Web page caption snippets
:::::
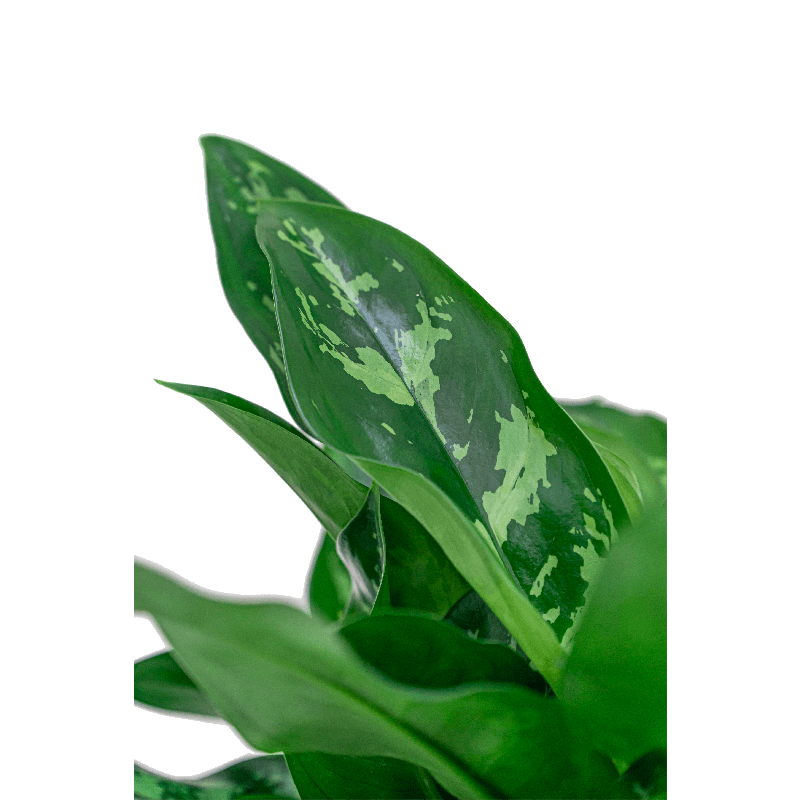 Aglaonema 'Maria' in Amora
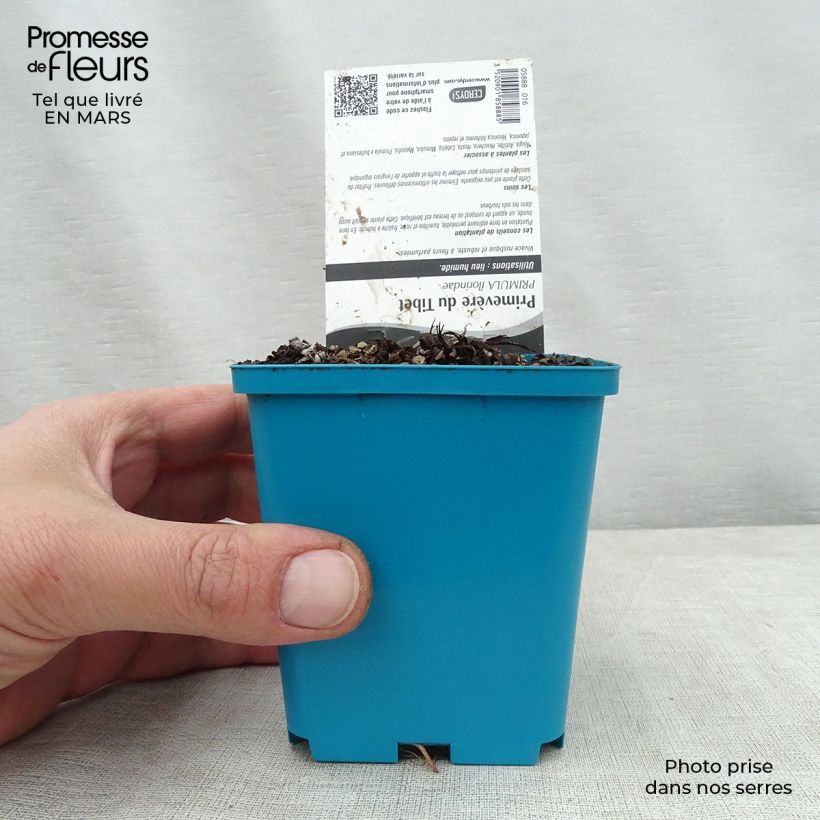 Example of Primula florindae - Primevère du Tibet Godet de 8/9 cm as you get in printemps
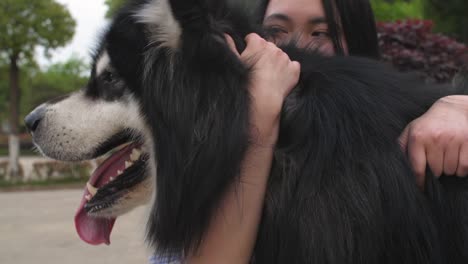 Glückliche-junge-asiatische-Frau-hält-ihren-Hund-Alaskan-Malamute-im-Freien,-4k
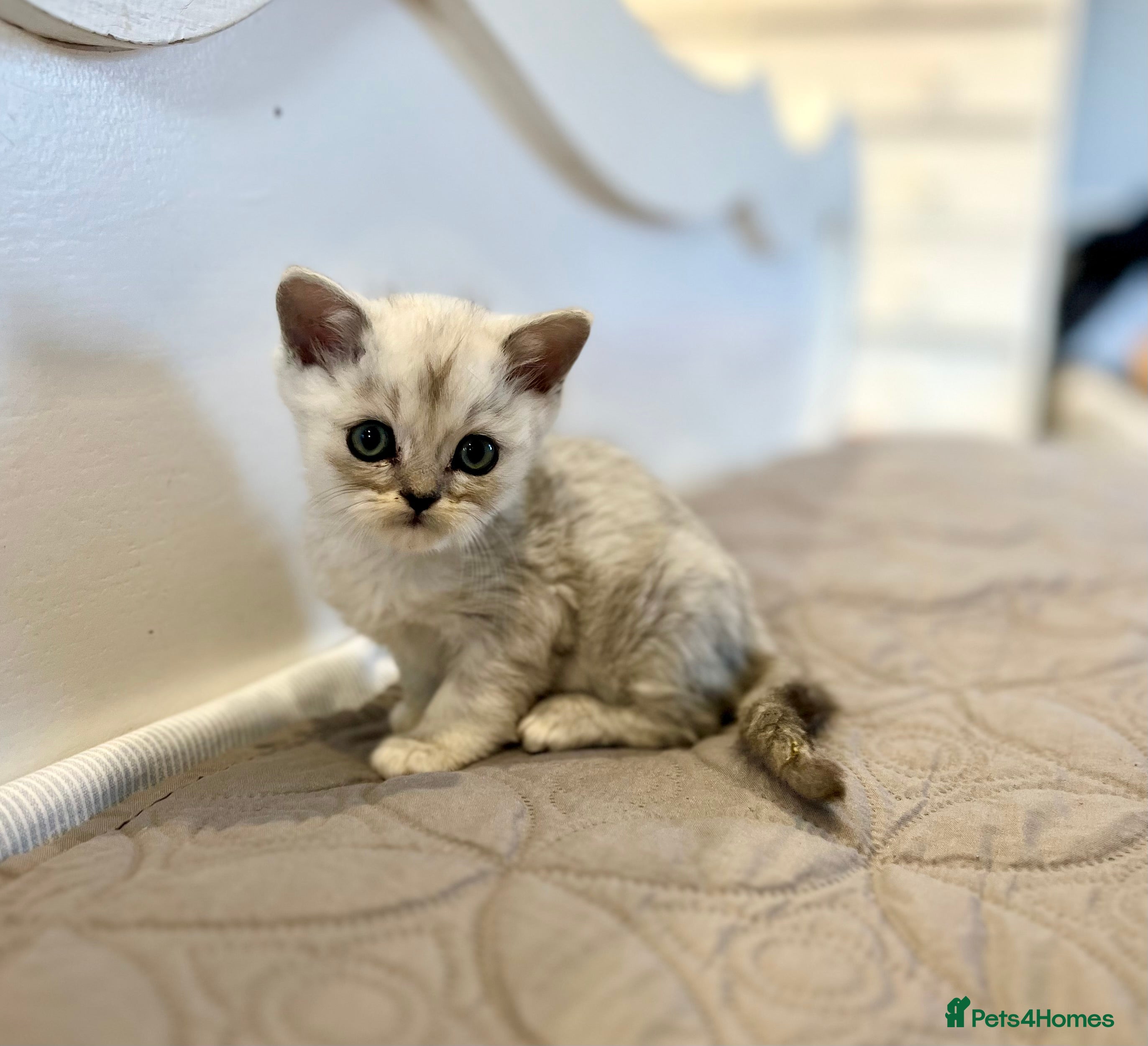 Persian cats 5 gorgeous PKD Negative Chinchilla Persian kittens - Advert 1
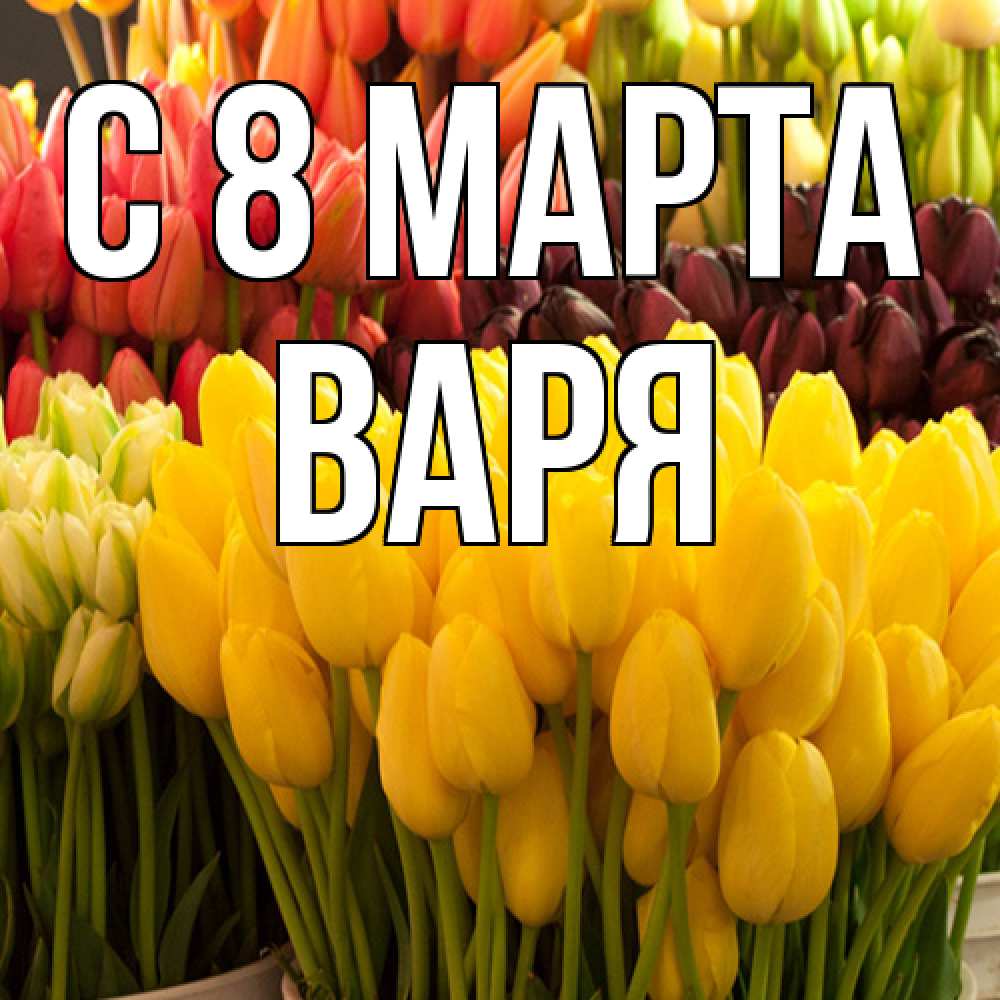 Открытка на каждый день с именем, Варя C 8 МАРТА цветы Прикольная открытка с пожеланием онлайн скачать бесплатно 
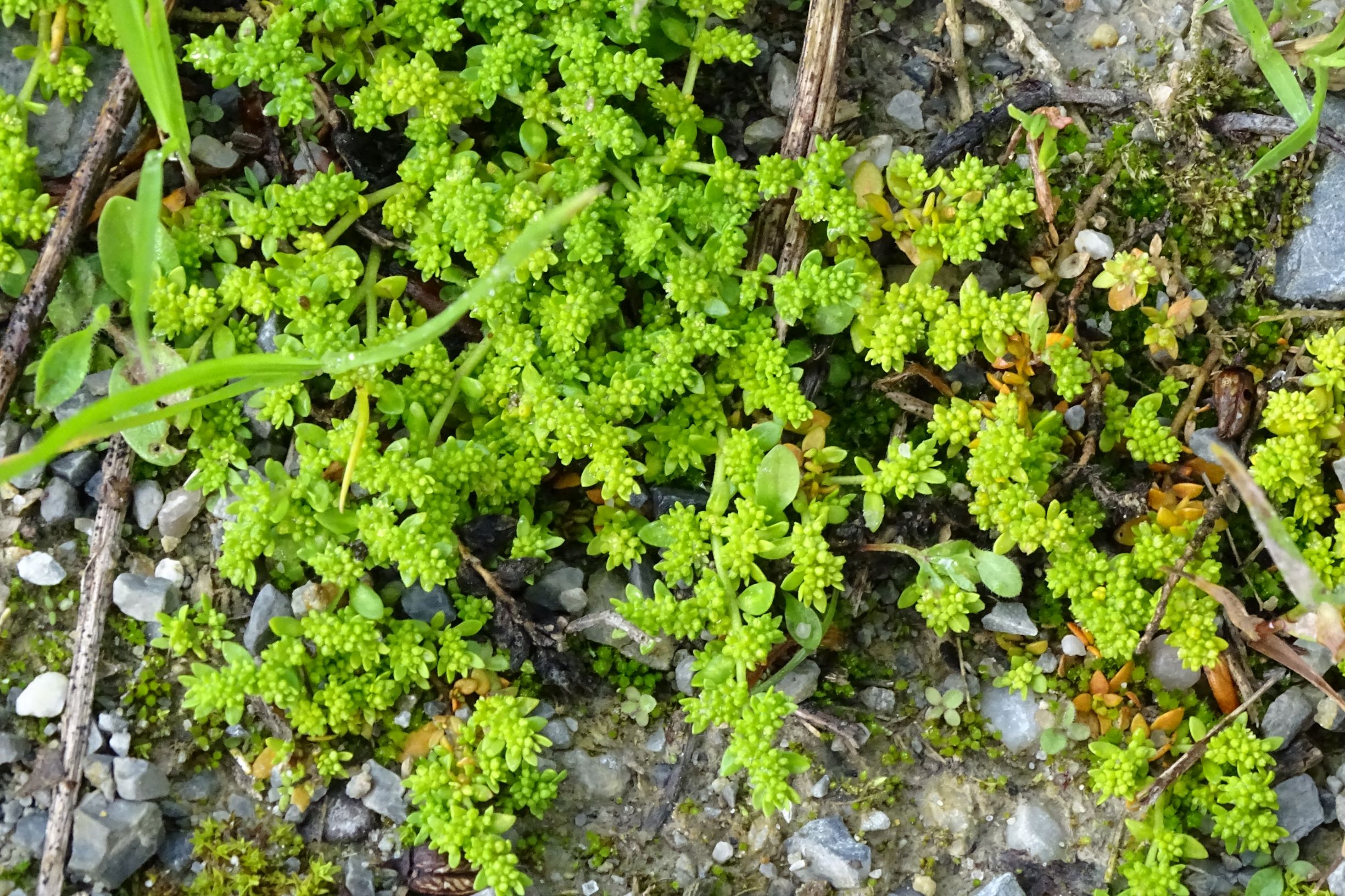 DSC09292 leithagebirge breitenbrunn, 2021-05-29, herniaria glabra.JPG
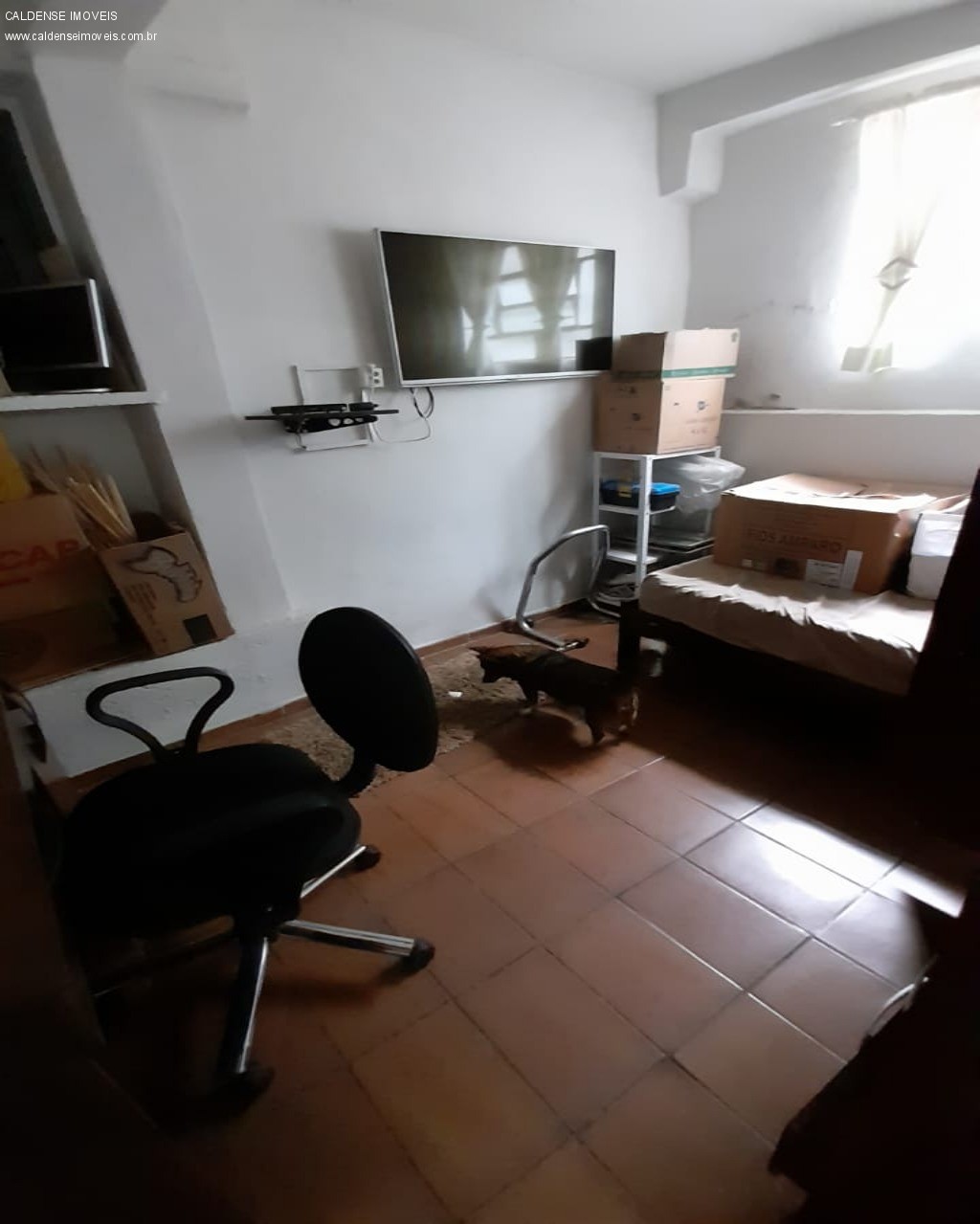 Casa, 4 quartos - Foto 10
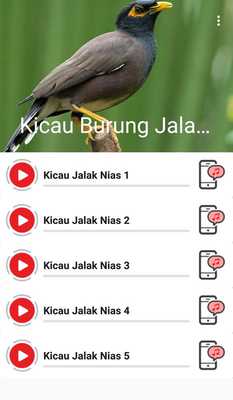 Emulate Android APK Kicau Burung Jalak Nias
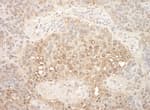 Detection of mouse APC7 by immunohistochemistry.
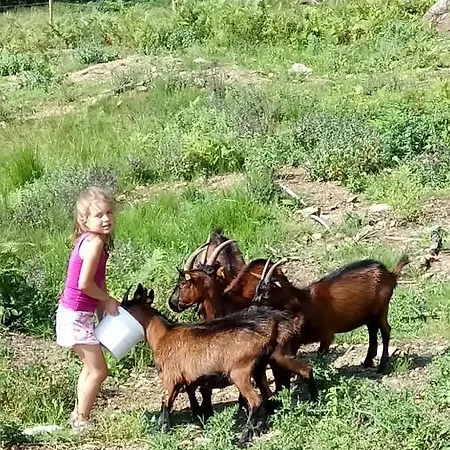 Rohrmoos
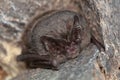 The western barbastelle, barbastelle or barbastelle bat (Barbastella barbastellus) hibernating bat in walls hole Royalty Free Stock Photo
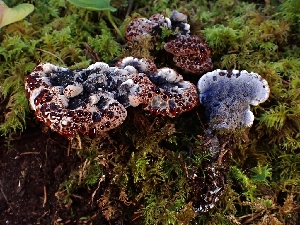  ( - FDS-CA-08018)  @11 [ ] by (2024) Mandy Hackney Fungal Diversity Survey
:::::
### TASK BRIEF
Each record above should come back exactly the same, only without its pictures.

### ANSWER BOX
 Aglaonema 'Maria' in Amora
 Example of Primula florindae - Primevère du Tibet Godet de 8/9 cm as you get in printemps
 Glückliche-junge-asiatische-Frau-hält-ihren-Hund-Alaskan-Malamute-im-Freien,-4k
 Persian cats 5 gorgeous PKD Negative Chinchilla Persian kittens - Advert 1
 Открытка на каждый день с именем, Варя C 8 МАРТА цветы Прикольная открытка с пожеланием онлайн скачать бесплатно 
 DSC09292 leithagebirge breitenbrunn, 2021-05-29, herniaria glabra.JPG
 Casa, 4 quartos - Foto 10
 Emulate Android APK Kicau Burung Jalak Nias
 Detection of mouse APC7 by immunohistochemistry.
 Rohrmoos
 The western barbastelle, barbastelle or barbastelle bat (Barbastella barbastellus) hibernating bat in walls hole Royalty Free Stock Photo
  ( - FDS-CA-08018)  @11 [ ] by (2024) Mandy Hackney Fungal Diversity Survey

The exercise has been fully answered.